前言
当前playbooks仅为测试hadoop生态圈组件的部署流程,并非最终实际使用场景。 playbooks中并没有做太多的异常处理,因此部署期间还需要手动接入调整。接下来介绍目录结构
目录说明:
group_vars: 作为主机组的全局变量
production:存放inventory-hosts文件
roles:
- common:作为hadoop各个组件的全局环境变量及创建base、data、log目录
- zookeeper:安装zookeeper集群的playbook
- hadoop:安装hdfs/yarn/mapred等组件playbook
- mysql:安装mysql的playbook
- hive:安装hive的playbook
- spark:安装spark的playbook,安装方式是spark on yarn
playbooks
-
common.yaml
-
hosts: hadoop-cluster
remote_user: root
roles:
- common
-
-
hadoop-playbooks.yaml
-
hosts: hadoop-cluster
remote_user: hadoop
roles:
- hadoop
-
hosts: hive
remote_user: hadoop
roles:
-
mysql
-
hive
-
-
hosts: spark
remote_user: hadoop
roles:
- spark
-
YAML文件中roles里配置的顺序具有依赖关系,依赖者要放到被依赖者之后,这样才能够实现被依赖者安装之后再安装依赖者的的正确安装顺序。

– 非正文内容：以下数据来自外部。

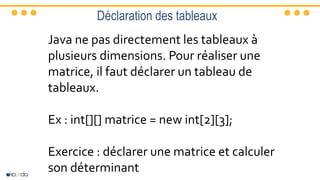 Déclaration des tableaux
Java ne pas directement les tableaux à
plusieurs dimensions. Pour réaliser une
matrice, il faut déclarer un tableau de
tableaux.
Ex : int[][] matrice = new int[2][3];
Exercice : déclarer une matrice et calculer
son déterminant
 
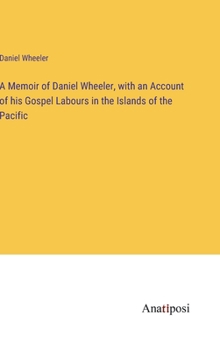 Hardcover A Memoir of Daniel Wheeler, with an Account of his Gospel Labours in the Islands of the Pacific Book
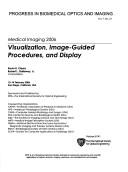 Cover of: Medical Imaging 2006: Visualization, Image-guided Procedures, and Display (Proceedings of SPIE)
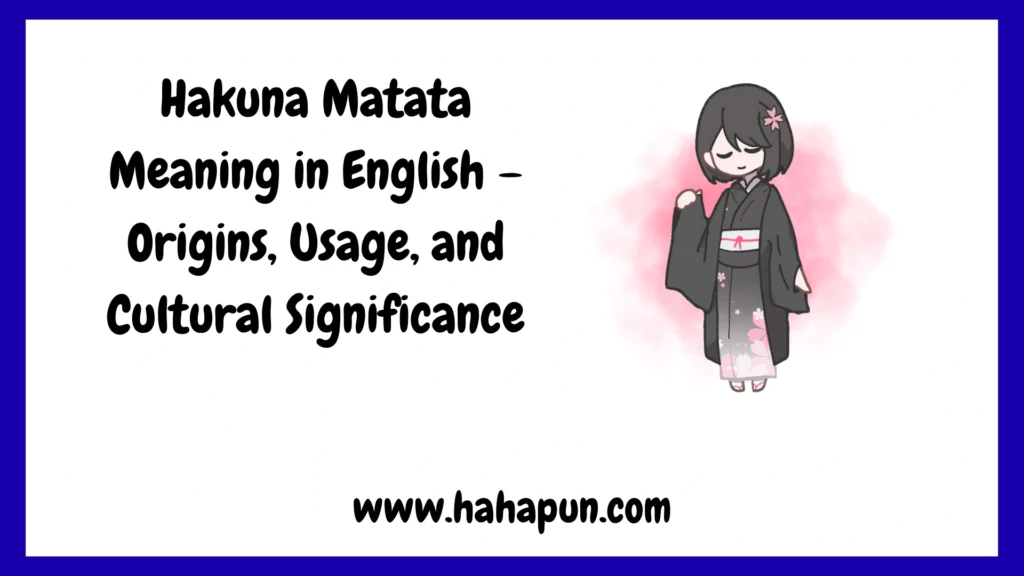 Hakuna Matata Meaning in English – Origins, Usage, and Cultural Significance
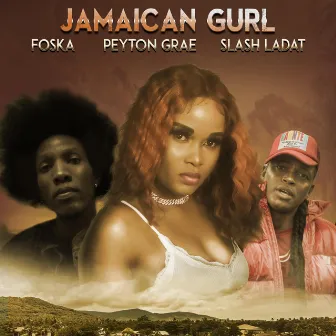 Jamaican Gurl by Peyton Grae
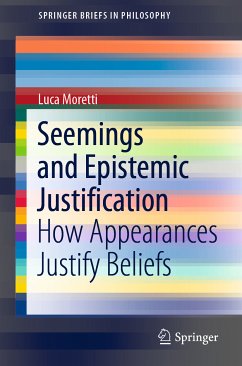 Seemings and Epistemic Justification (eBook, PDF) - Moretti, Luca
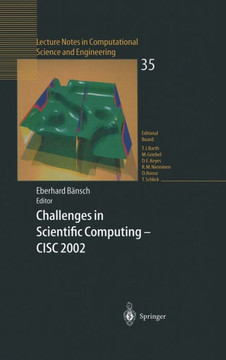Challenges in Scientific Computing - CISC 2002: Proceedings of the Conference ""Challenges in Scientific Computing,"" Berlin, October 2-5, 2002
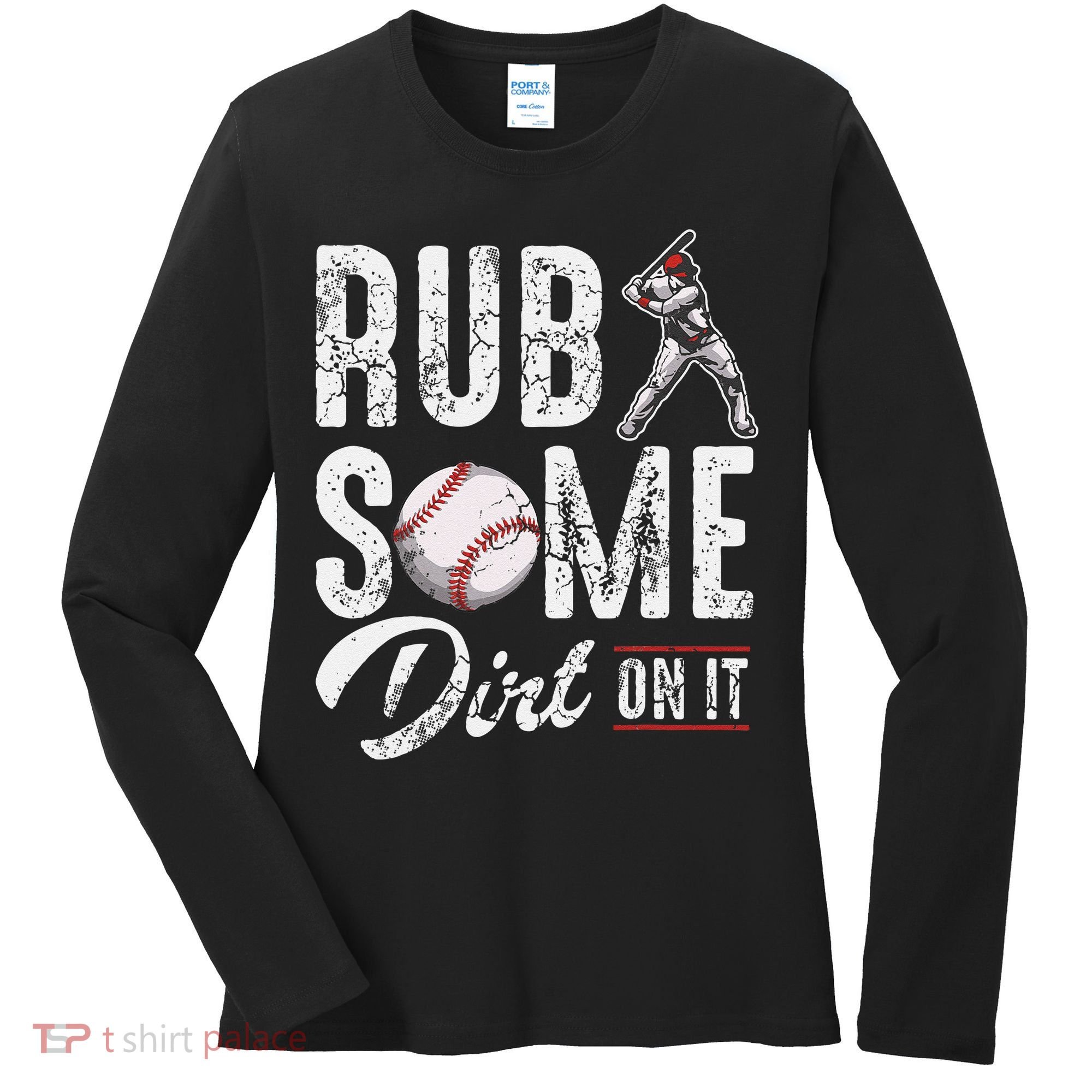 Baseball Rub Some Dirt On It Funny Humor Sayings Quotes Women's Long Sleeve Shirt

在这里,由于hadoop依赖于zookeeper,所以zookeeper在最前面,而spark/hive又依赖hadoop,故spark/hive playbook放在hadoop之后。
使用方法
1.配置inventory
master1
master2
slave1
2.配置/etc/hosts
192.168.0.46 master1
192.168.0.41 master2
192.168.0.40 slave1
127.0.0.1 localhost
3.配置主机名
hostname xxx
echo xxx >> /etc/hostname
4.配置root/hadoop 免密钥登陆
ssh-keygen
ssh-copy -i xxx
5.run playbooks
ansible-playbooks common.yaml -i production/hosts
ansible-playbooks hadoop-playbooks.yaml -i production/hosts